Harmful Coping Strategies
Many people who acknowledge negative thought processes but don’t know how to deal with them turn to harmful ways of coping that can lead to serious health complications. Drinking, illicit drugs, and smoking are just a few of the most common. How many times have you seen the main character in a drama series explain that she needs a cigarette to deal with the stress of a situation? Or a character who claims to have stopped smoking sneak out onto the patio for a quick smoke after something traumatic happens. These temporary fixes do a lot more harm than good when it comes to coping with a cluttered mind. It may feel good to forget about them for a little while, but without addressing your thoughts and habits, they will never truly go away, and you will need stronger and stronger doses of your coping strategy in order to chase away those thoughts.
Another way people try to run from their own minds is through coming home and zoning out in front of the TV. It feels good to come home from a stressful day at work and, instead of addressing the argument you had with your boss or talking through an important, stressful decision with your partner, you simply plop down on the couch to binge on a Netflix series you’ve been meaning to see. Again, the behavior is temporarily avoidant, not a fix. Those issues are still going to need to be addressed once that binging session is over, even though it felt good to run away for a short while.

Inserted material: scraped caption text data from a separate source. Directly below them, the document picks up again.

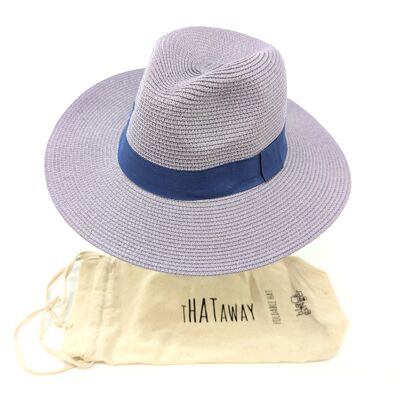 Sombrero plegable de viaje estilo Panamá para el sol - Púrpura lavanda (57 cm)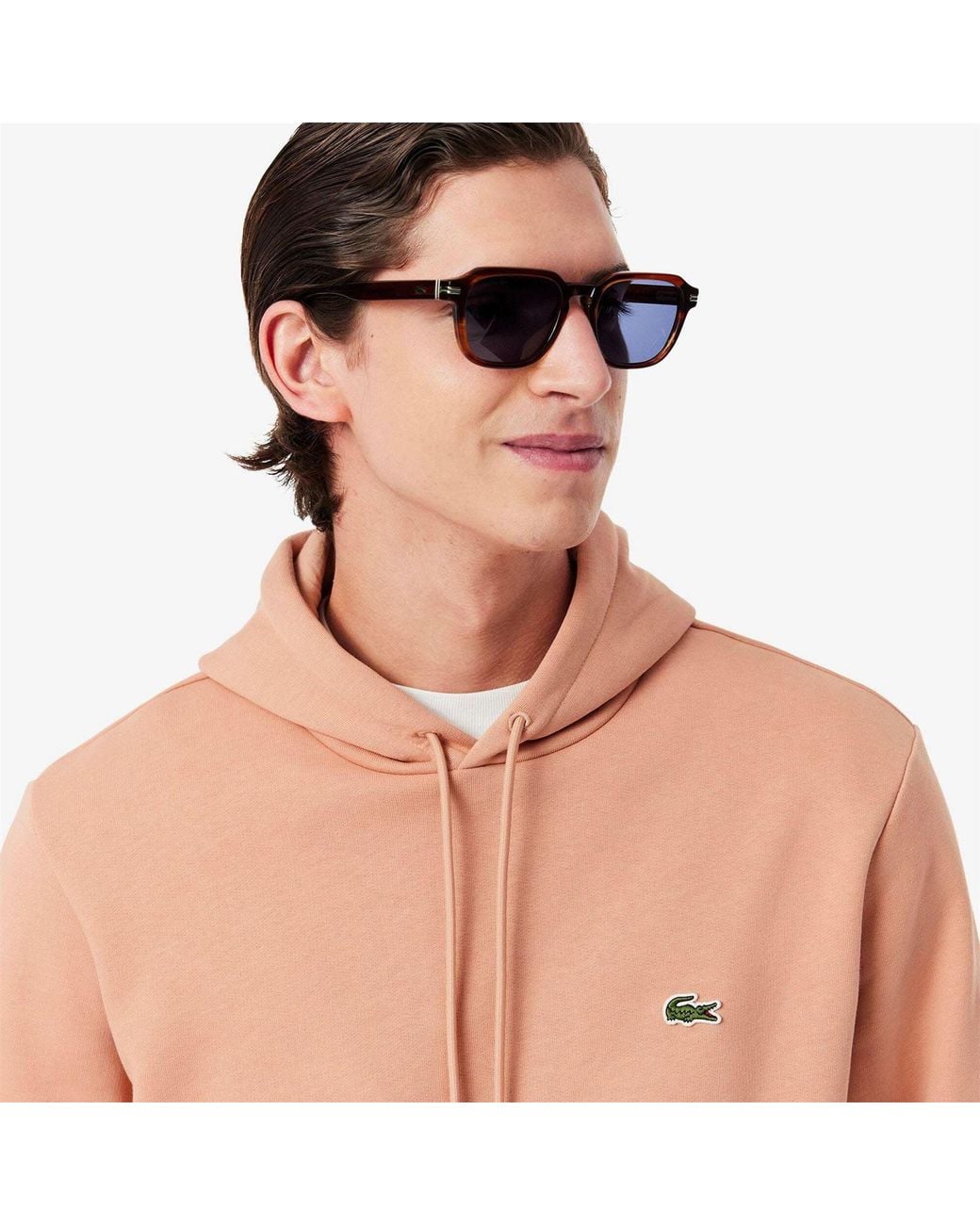 Lacoste Pink Cotton Fleece Hoodie for men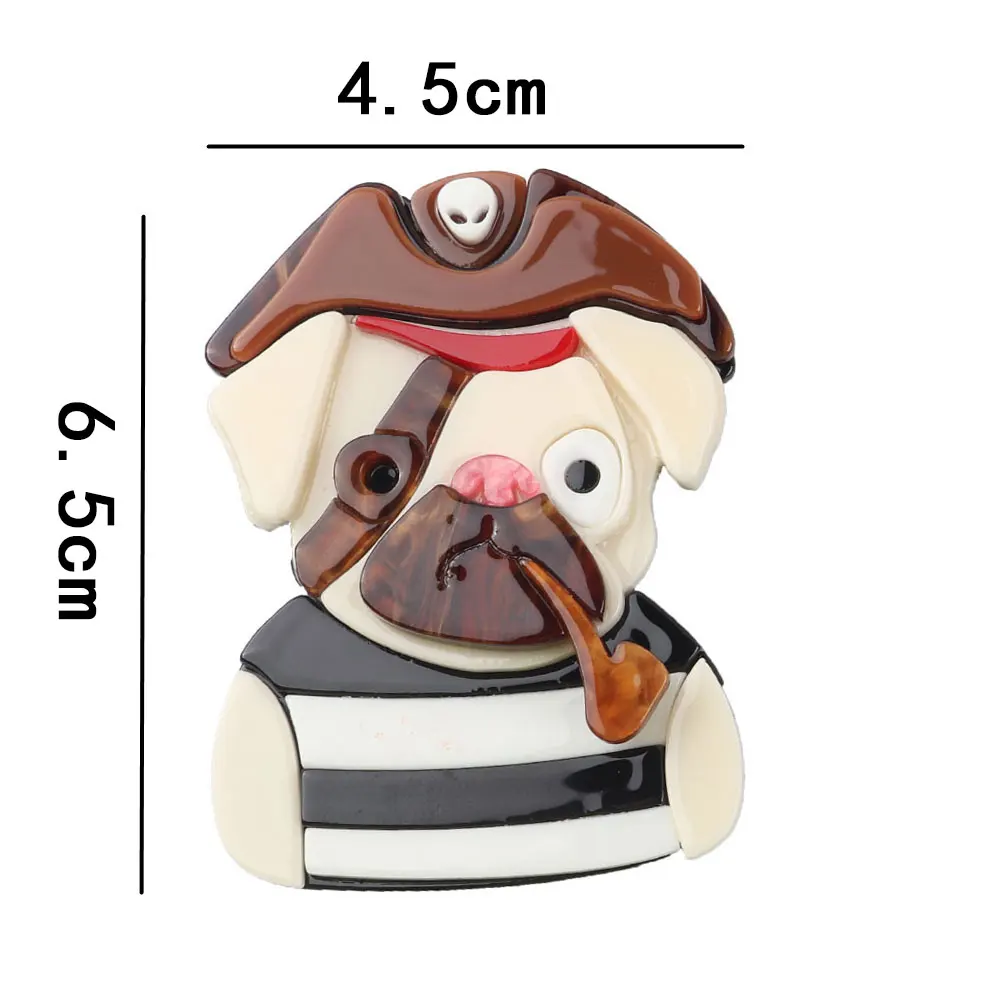 FishSheep Cute Pirate Dog Acrylic Broochs For Women Resin Animal Tobacco Pipe Safety Pins Brooch Handmade Christmas Gifts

But more than just the issue of running away, think about the quality of a life that is filled with mindless, distracting behavior. What are you really growing toward? What is your meaning and purpose? Certainly not vegging out every night eating ice cream. Decluttering your mind means waking yourself up to your true goals, desires, passions, and values in your life. They are there, hiding underneath all the chaos. So, let’s clear it out so we can get to the good part!
Let’s Declutter
Like I said, the brain can only handle one task at a time. So, in order to evaluate a group of problematic thought processes in your mind, we need to take some time to write down all of those thoughts which we would deem unhelpful, negative, hurtful, or distracting. Remember, it’s not always about just trashing a thought that is affecting us negatively—sometimes we need to root these out and address them directly in order to dissipate their powerful effects.
Once you have a list in front of you, it’s time to look at each
one and feel how that thought is affecting you. The trick to dispersing a negative thought process is to commit to interrupting that thought each time it enters your mind. When you start to think about that woman you think was hitting on your husband yesterday, interrupt the jealousy welling up and ask yourself, “Has my husband ever given me a reason to believe he would cheat on me?” “How often does he say I love you throughout the day?” “Would a conversation about this feeling I’m having get rid of the insecurity I’m feeling?”